Not really difficult. The safety rules are dead easy, and are a matter of simple common sense.
- Never meet anyone if even the smallest thing about them makes you uneasy in any way
- Never meet at their home, or a borrowed apartment
- Always plan to meet in a crowded public place. You can walk away unknown if you do not like what you see
- Always have a trusted friend know where you are going and when you will be back
- Ideally have the trusted friend with you, but a little away so that you are not obviously together
- Make your friend promise to call the authorities without hesitating if you are late to arrive at a rendezvous after your meeting
- If meeting for romance, please, please do not "kiss on a first date". This involves privacy and the potential for danger
- Always be aware that the internet presents people as they wish to be seen. That gorgeous, young, slim, blond may be a predatory person hunting in a pack of unpleasant people.
- Realise that people lie. Of course you never do that! But they do.
- Some people want to meet others for sex. That's OK, unless one party is not aware of that when making arrangements
- Don’t send personal pictures via the net
- Don't use anything that can identify the real you on emails, messageboards or chats
- If someone says they go to a certain school, ask which subjects they do, what (and who) their teachers are, and then find the school's website and ensure consistency
The one problem you will have is in determining who tells the truth and who lies. People use the internet to groom unsuspecting people to meet their own sexual needs. If you think about it that isn't surprising. Provided sexual activities are kept to cyber sex that is "ok". Not perfect, but "ok". It's when that steps across the boundary into face to face meetings that trouble starts.
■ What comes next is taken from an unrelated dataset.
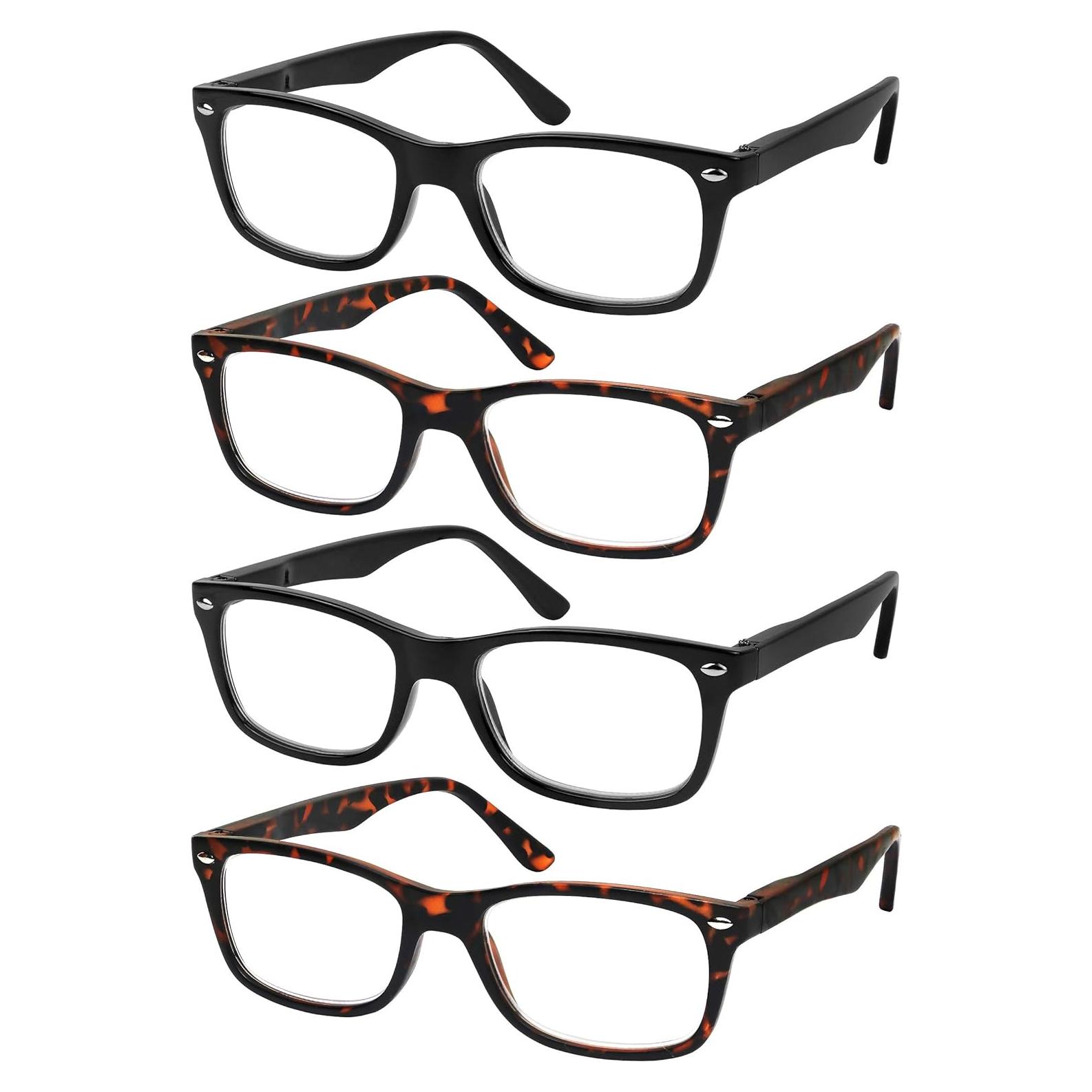 Conjunto 4 Gafas de Lectura Success Eyewear 2.0x Negras y Havanas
Let's assume you are young. Let's assume that you are below the age of consent for any sexual activity. It doesn't matter whether you wish to consent, let's assume you are in a position where you are judged by law to be incapable of giving than consent. What you may not understand fully is that there are older people, usually but not always men, who will find you highly desirable, even without seeing you, just because of your age. The younger you are the more unpleasant this is.
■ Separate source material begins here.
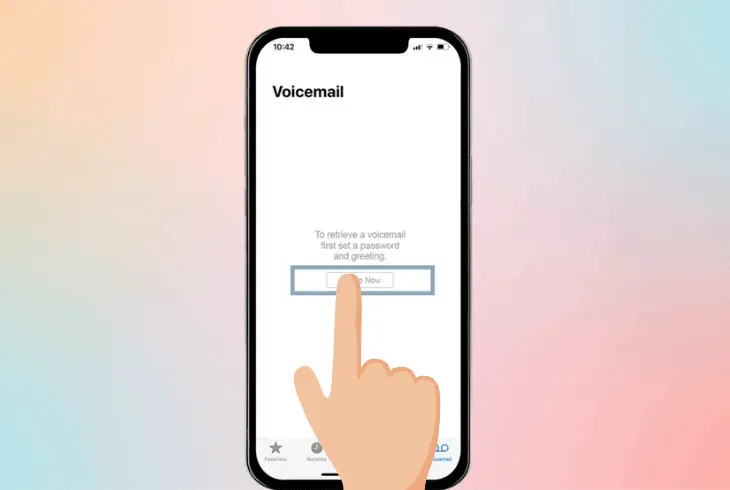 reset the voicemail settings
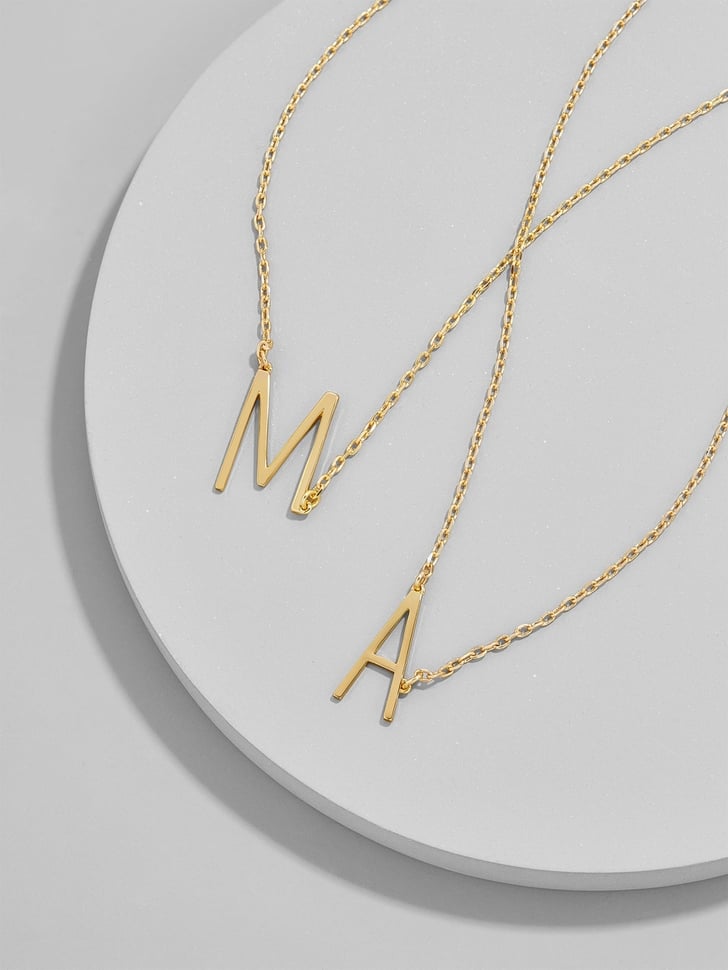 Alpha Pendant Necklace Best BaubleBar Jewelry on Sale May 2020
There are very few young people who desire an older person sexually or romantically. If you are one of them, as long as your eyes are wide open, this is fine. It isn't abnormal, just unusual. But this section on Personal Safety applies to you just as much as to someone who would hate the attentions of an older person.
How do I tell if the cute guy (or gal) I am talking to is a dirty old man (woman)?
It's damnably hard to tell. Clues (but do note that a clever predator knows how to fake all this):
- Language choice - more complex or different sentence structures than a "kid" would choose. I guess you can tell that I am older, for example.
- Vocabulary - wider than you would expect
- Pushiness - "Let's meet, let's meet, let's meet", or "Where do you live?" in far too direct a way
- Lack of knowledge of musicians or bands your age group knows well
- Picture sent of "them" seems "too good to be true". Too cute, too appealing, or just maybe too explicit
- Offers to pay your fare, or buy you a meal, or offer accomodation
- Seems to care and somehow rings false, or gets impatient, or creates an odd feeling of unease
Some of the rest is difficult, though. A truly caring older person and a clever predator can look exactly the same. Each will not pressure you to do anything. Each will care about you. Each will be safe to talk to online. That is "at first". But each is different. One means to "have you" and the other is a friend. It's when and if you arrange to meet that the difference becomes clear.
Bottom line: I cannot tell you how to distinguish between the predator and the friend. But I can suggest that any lies tend to mean that the person is a predator, not a friend.